Another Cork O'Connor gem from William Kent Krueger

By Robin Agnew

Northwest Angle
William Kent Krueger
Atria, $24.99

This is one of my favorite outings in the Cork O’Connor series, a series that’s managed to continually surprise, captivate and compel a reader to continue to find out what’s happening in northern Minnesota.

As Cork’s family continues to heal after the death of his wife, Jo, in "Heaven’s Keep," they are all enjoying a family vacation on a houseboat in the waters of the northern most point of the continental United States along with Cork’s sister in law Rose and her husband. Things are happy and serene — on the first six pages. Then all hell breaks loose.

Cork takes his daughter Jenny to pick up her boyfriend but stops along the way to show her a sacred Indian site with some very ancient drawings on the side of a large rock wall. Their discussion — about children — turns heated, Cork feels he’s said everything wrong, and then a storm kicks in. It’s the mother of all storms, something called a derecho, basically a straight line of tornadoes.

Cork and Jenny get separated, as do Rose and the other children, though they quickly find each other. This story is really about Jenny and Cork.

As Jenny surveys the incredible wreckage left by the storm on the deserted island, she’s delighted to find a cabin, but inside the cabin she finds a dead woman. The woman has been murdered, not killed by the storm, and on further exploration, Jenny finds a baby well hidden behind the cabin.

The baby is safe, but he’s wet and hungry, and some kind of primitive instinct kicks in as she begins to plan for the baby’s safety and health.
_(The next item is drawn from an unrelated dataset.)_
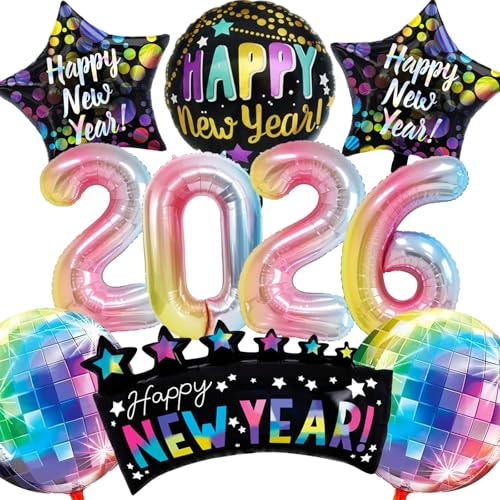 Dazzjoy Silvester Deko 2026 Luftballons Bunt 32 Zoll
He has a cleft lip, but it doesn't prevent Jenny from seeing the beauty of the infant, with whom she falls in love almost in an instant.

Krueger’s gift is taking an elemental natural situation — in this case, the storm — and combining it with an elemental human one, in this case, the love of a mother for her infant.

As Jenny quickly assumes that role, Krueger deftly and movingly portrays the bond felt by a mother and a child. The intensity and fierceness of it scares Cork. It also becomes apparent that whoever killed the woman is now looking for them.

Structuring a suspense novel must be second nature to Krueger at this point in his career, and here’s he’s almost written a primer other writers could follow when it comes to writing a chase novel. Halfway through (almost exactly) Cork, Jenny and the baby finally get of the island, but they’re still not safe from whoever is chasing them, and the party splits up.

Jenny heads back home to Aurora with her brother, her boyfriend and the baby to seek shelter from Cork’s old friend Henry Meloux. The way Henry’s life lessons are thus integrated into the plot is seamlessly done, and the book, at this point in the narrative, often had me in tears as the writing is lovely and the emotions conveyed are obviously deeply felt.

To tell much more would be to give away the rest of the plot with its twists and the suspense that hardly lets up through the whole narrative. The resolution is both satisfying and surprising, with a bit of heartbreak thrown in (there’s always a character who’s killed where I mentally think, “Oh, no!” — this book was no exception).

I probably need to convince no-one to pick up this book — if you’re hooked on Krueger, you’re hooked, and this will be a not to be missed read. From my point of view, it’s one of my favorite reads of the year and a standout in a fine series.

Robin Agnew is the owner of Aunt Agatha's mystery bookshop.